2.3 Temporal Switching in Anisotropic Media

Recent research has added new degrees of freedom to enable exotic wave transformations based on time-switching. One intriguing possibility is to consider material anisotropy. In 2018, Akbarzadeh et al.28 raised the question of whether it is possible to realize an analog of Newton’s prism, shown in Fig. 3(a), in a time metamaterial. To map spatial frequencies into temporal frequencies, not only temporal invariance needs to be violated but also spatial symmetry breaking is required to bridge different momenta with different frequency channels, as shown in Fig. 3(b). The result is an inverse prism, as shown in Fig. 3(c), in which an unbounded isotropic medium with scalar refractive index $n_{1}$ is switched to a uniaxial medium with ${\bar{\bar{n}}}_{2} = diag (n_{∥}, n_{∥}, n_{⊥})$ at $t = t_{0}$ . The right part of Fig. 3(c) represents the isofrequency curves of the medium before and after switching. Because the medium remains homogeneous, the conservation of the wavenumber $k$ (momentum) still holds, leading to “birefringence” at temporal frequencies. A monochromatic wave at frequency $ω_{1}$ propagating in the isotropic medium before switching will then be mapped to different frequencies, depending on its polarization and momentum, following: $n_{1} ω_{1} = \pm n (k) = {\begin{matrix} \pm n_{∥} ω_{2} & s - polarization \\ \frac{\pm n_{∥} n_{⊥} ω_{2}}{\sqrt{n_{∥}^{2} \cos^{2} θ + n_{⊥}^{2} \sin^{2} θ}} & p - polarization \end{matrix},$ (9)with $θ = a r c \tan (k_{z} / k_{x})$ as defined in Fig. 3(c). In general, linearly polarized light experiencing such an inverse prism will feature Lissajous polarization with a time-varying phase difference between two orthogonal field components, due to the distinct values of $ω_{2}$ for $s$ - and $p$ -polarizations.

Figure 3.(a) A conventional prism decomposing white light into its frequency components in different directions. (b) An inverse prism that maps the light with different momentum into different frequencies. (c) Implementation of the inverse prism proposed in Ref. 28. (d) Temporal aiming proposed in Ref. 43. (e) The conventional Brewster angle. (f) Temporal Brewster angle described in Ref. 44. Figures adapted with permission from Refs. 28, 43, and 44.

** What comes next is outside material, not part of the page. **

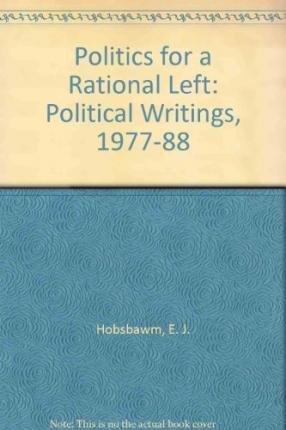 Book cover for Politics for a Rational Left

One interesting phenomenon for wave propagation in anisotropic crystals is that the group velocity does not necessarily align with the phase velocity.10 Based on this feature, the concept of temporal aiming was proposed in Ref. 43. Figure 3(d) shows an overview of this phenomenon based on isotropic-to-anisotropic switching. A $p$ -polarized wave packet is immersed in a time-switched medium. Different switching schemes ${\bar{\bar{ε}}}_{r} (t)$ shown in the insets would route the signal to different receivers [denoted Rx 1 to 3 in Fig. 3(d)]. For an incoming wave with propagation angle $θ_{1} = \tan^{- 1} (k_{z} / k_{x})$ , the direction of the momentum $k$ after switching to the anisotropic medium remains the same $θ_{2 k} = θ_{1 k} = θ_{1}$ , while that of the Poynting vector $S$ is redirected to $θ_{2 S} = a r c \tan (\frac{ε_{r 2 z}}{ε_{r 2 x}} \tan θ_{1}),$ (10)assuming that the anisotropic medium is a uniaxial crystal with ${\bar{\bar{ε}}}_{2 r} = diag (ε_{2 x}, ε_{2 x}, ε_{2 z})$ . The discrepancy between $θ_{2 S}$ and $θ_{1}$ plays a key role in the aiming process by enforcing that the wave packet drifts transversely to the initial propagation direction. After an appropriate duration, the medium is then switched back to the initial state to allow the signal to travel again at the same frequency and direction. The idea of signal aiming through temporal switching paves the way to routing waves through temporal interfaces, creating a form of temporal waveguiding.

Another interesting phenomenon exploiting temporal switching with anisotropic media is the temporal Brewster angle.44 The conventional Brewster angle is defined as the angle at which the reflection of the $p$ -polarized incidence vanishes, as shown in Fig. 3(e). Its temporal counterpart is shown in Fig. 3(f) and similarly determined by the condition that no backward wave is produced at the time interface. The temporal Brewster angle is given by the following simple expression: $θ_{t B} = a r c \sin \sqrt{\frac{ε_{r 2 x} (ε_{r 2 z} - ε_{r 1})}{ε_{r 1} (ε_{r 2 z} - ε_{r 2 x})}} .$ (11)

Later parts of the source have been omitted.